# wilderness system commander 120



## BunkerChunker (Apr 13, 2009)

Anybody have one of these that could give me their opinion of it? Been thinking about getting a Kayak for fishing/duck hunting and it looks like a good option for me just wanted to know if anyone has used one and any pros and cons of it.
Thanks


----------



## leckig (May 11, 2005)

I only demoed one on Alum, courtesy of "The Outdoor Source". My impression was that it was rather slow and did not really have that kayak feeling. However, for hunting I'd say it may be the best choice. This, or the Ultimate from Native.


----------



## streamstalker (Jul 8, 2005)

Yeah, I have a Native Ultimate, and it would probably be a good hunting boat--virtually impossible to tip and a lot of space for gear. You can also get camo top covers for the Ultimate which might be good for the duck hunting. The Commander may have those too.


----------



## farleybucks (Aug 8, 2009)

I highly recommend the Wildy Sys Comm. That is my go to fishing boat once the water starts to cool down (usually use a sit on top in warmer water).

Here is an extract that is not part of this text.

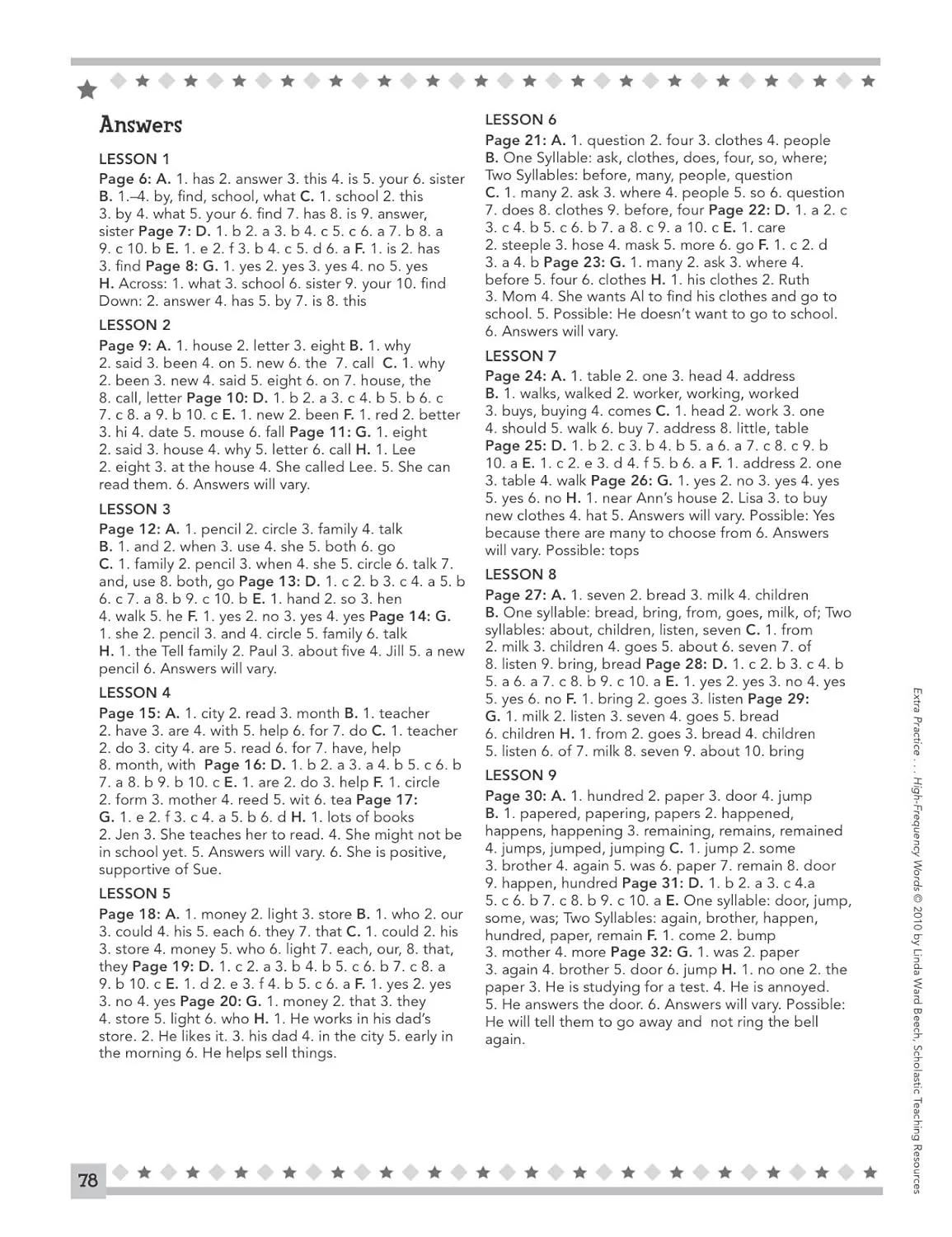 Extra Practice for Struggling Readers: High-Frequency Words: Motivating Practice Packets That Help Intermediate Students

The Native Watercraft Ultimate is a good choice too for what you want to do, but the ability to slide the seat under a raised seat in the Commander puts it a notch ahead. Sitting a bit higher helps sight fishing, (duck hunting too I would imagine), etc. 

You are a bit of a drive from Whitewater Warehouse in Dayton, but we have them available for demo (river behind shop) and purchase.


----------



## BunkerChunker (Apr 13, 2009)

Thanks guys I'll check out the Native ultimate it's good to know Outdoor source demos those boats at Alum i'm really close to that lake.

Checked out the native ultimate looks great i think either boat would fit my needs I'd like to do a side by side demo gotta see if i can work that out before it gets to cold Thanks again guys


----------



## Rybo (Jul 23, 2009)

Bunker,

Just as an FYI: I have a used 12' Wilderness Systems Commander in red that I'm looking to sell. (I should make a thread...) It's a great boat, I want something more maneuvarable in very small streams and heavier rapids. PM me if you'd like to take a look at it sometime.


----------



## meathelmet (Aug 4, 2008)

Bunker,

Take a look at the NuCanoe it is very stable and even has a hunting blind kit. I have one and no complaints with fishing or duck hunting.

http://www.nucanoe.com/hunt/


----------